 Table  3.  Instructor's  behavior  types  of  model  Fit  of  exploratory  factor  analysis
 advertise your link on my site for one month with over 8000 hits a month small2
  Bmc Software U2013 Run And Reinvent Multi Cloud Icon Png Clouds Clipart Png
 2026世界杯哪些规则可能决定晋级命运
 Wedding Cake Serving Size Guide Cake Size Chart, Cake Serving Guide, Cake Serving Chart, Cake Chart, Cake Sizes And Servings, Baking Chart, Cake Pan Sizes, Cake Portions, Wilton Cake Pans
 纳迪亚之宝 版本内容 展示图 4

______________________________

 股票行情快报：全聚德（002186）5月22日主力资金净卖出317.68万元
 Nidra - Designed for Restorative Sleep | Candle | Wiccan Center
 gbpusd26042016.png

______________________________

#### Task:
Of the entries above, repeat exactly the lines from the line with "股票行情快报：全聚德（002186）5月22日主力资金净卖出317.68万元" through the line with "gbpusd26042016.png", both of them included.

#### Result of the exercise:
 股票行情快报：全聚德（002186）5月22日主力资金净卖出317.68万元
 Nidra - Designed for Restorative Sleep | Candle | Wiccan Center
 gbpusd26042016.png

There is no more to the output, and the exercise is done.